Habe gerade gemerkt das die Qualität ziemlich scheiße is und das außerdem ein Kurzschluß drin ist, wenn du aber so etwas in der Richtung brauchst geb Bescheid, dann lad ich's in besserer Qualität und ohne Kurzschlüsse noch mal hoch!


----------



## Gundula (20 März 2007)

Hi dresel,

das sieht eigentlich ganz gut aus, ist aber schon wieder zu viel des Guten.
Ich brauche einfach nur sowas wie auf der Siemens-Seite aber als einfache Zeichnung, so wie die Darstellung von PCs in Visio.


----------



## nade (21 März 2007)

Also finde die Darstellung von dresl auch gut. Ok bis auf die "sichere" SPS.  Die ist so sicher, das nie durch die Anlage die damit gesteuert/geregelt wird nie die Chance hat in einen gefährlichen Betriebszustand zu kommen.


----------



## dresel (21 März 2007)

Habs ausgebessert und nochmal in besserer Qualität hochgeladen.

@Gundula
mit was anderem als Schaltplansymbolen kann ich leider nicht dienen, ich hab noch was aus einem Siemens-Handbuch angefügt, in denen gibt es auch ab und zu mal Grafiken, vielleicht kannst du davon was verwenden. Schau halt mal ein paar Handbücher durch, vielleicht ist was dabei.

Gruß
Andreas


----------



## Gundula (21 März 2007)

Hi Andreas,

aus dem Handbuch ist schon Ideal, wo bekomme ich das her?

LG  Wolfgang


----------



## dresel (21 März 2007)

Servus Wolfgang,

die Handbücher können so ziemlich alle von der Siemens-Homepage geladen werden. 

Schau mal hier:
http://support.automation.siemens.com

Unter "produkt support" geht links ein Navi-Menü auf, da kannst du dann die entsprechenden Produkte auswählen und die dazu verfügbaren Downloads anzeigen lassen (also dann auch z.B. zu Visualisierungssystemen oder Antriebstechnik).

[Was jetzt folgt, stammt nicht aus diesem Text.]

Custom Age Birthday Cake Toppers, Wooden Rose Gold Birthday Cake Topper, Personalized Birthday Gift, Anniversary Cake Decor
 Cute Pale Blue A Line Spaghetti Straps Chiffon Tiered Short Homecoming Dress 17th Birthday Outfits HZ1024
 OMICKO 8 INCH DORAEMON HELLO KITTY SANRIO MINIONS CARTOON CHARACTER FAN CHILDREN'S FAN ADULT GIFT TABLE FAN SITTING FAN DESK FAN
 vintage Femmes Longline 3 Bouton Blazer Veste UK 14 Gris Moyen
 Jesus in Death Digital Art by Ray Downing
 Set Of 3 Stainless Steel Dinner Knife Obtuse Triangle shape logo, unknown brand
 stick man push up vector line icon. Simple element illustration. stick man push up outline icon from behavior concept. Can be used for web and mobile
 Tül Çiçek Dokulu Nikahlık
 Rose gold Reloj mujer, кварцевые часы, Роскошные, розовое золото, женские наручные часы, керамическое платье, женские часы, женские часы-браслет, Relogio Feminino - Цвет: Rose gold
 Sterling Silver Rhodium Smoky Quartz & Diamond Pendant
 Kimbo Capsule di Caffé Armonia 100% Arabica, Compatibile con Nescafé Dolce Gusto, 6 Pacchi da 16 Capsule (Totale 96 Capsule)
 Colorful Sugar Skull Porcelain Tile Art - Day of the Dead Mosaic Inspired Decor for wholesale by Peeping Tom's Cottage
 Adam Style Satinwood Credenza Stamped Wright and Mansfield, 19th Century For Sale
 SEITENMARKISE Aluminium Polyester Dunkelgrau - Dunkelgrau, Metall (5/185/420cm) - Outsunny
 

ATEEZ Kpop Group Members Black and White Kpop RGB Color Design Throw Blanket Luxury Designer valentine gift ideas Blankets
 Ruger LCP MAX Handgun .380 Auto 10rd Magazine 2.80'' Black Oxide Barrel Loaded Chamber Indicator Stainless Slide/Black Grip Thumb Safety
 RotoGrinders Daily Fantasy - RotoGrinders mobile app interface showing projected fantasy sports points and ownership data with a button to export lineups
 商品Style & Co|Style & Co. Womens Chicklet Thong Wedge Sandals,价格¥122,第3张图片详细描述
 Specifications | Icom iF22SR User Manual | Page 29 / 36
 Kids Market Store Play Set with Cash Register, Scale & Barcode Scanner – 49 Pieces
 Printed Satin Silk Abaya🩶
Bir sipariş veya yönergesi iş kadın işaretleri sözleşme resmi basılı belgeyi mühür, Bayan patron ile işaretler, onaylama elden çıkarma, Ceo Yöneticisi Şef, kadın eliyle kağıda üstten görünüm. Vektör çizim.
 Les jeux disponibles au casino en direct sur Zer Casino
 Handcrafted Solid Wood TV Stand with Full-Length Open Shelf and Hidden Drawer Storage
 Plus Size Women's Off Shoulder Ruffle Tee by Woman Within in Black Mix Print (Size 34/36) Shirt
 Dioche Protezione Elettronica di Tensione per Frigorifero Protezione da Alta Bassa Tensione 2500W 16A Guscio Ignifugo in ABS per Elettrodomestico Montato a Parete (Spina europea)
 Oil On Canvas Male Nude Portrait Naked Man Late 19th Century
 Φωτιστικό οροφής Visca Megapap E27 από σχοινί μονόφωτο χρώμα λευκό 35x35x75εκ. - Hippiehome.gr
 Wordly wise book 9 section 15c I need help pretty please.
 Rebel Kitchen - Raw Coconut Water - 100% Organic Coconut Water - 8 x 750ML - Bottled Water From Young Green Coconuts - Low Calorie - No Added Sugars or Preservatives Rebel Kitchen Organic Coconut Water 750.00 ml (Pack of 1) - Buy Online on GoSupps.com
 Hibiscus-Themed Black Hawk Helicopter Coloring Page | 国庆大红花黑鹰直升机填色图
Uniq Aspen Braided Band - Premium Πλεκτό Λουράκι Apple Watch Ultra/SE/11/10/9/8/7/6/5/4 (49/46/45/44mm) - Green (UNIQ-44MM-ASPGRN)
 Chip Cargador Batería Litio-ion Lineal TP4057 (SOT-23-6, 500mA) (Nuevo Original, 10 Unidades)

Der Auszug den ich eingestellt habe stammt von der Betriebsanleitung "S7-300_IHBx_d" (Beitrags-ID 13008499), das ist im groben die Betriebsanleitung zum Aufbau und der Hardwareinstallation der 31x-CPU's.

Gruß
Andreas


----------



## Gundula (21 März 2007)

Hi Andreas,

super, brauchbare Leute hier im Forum 

lg Wolfgang


----------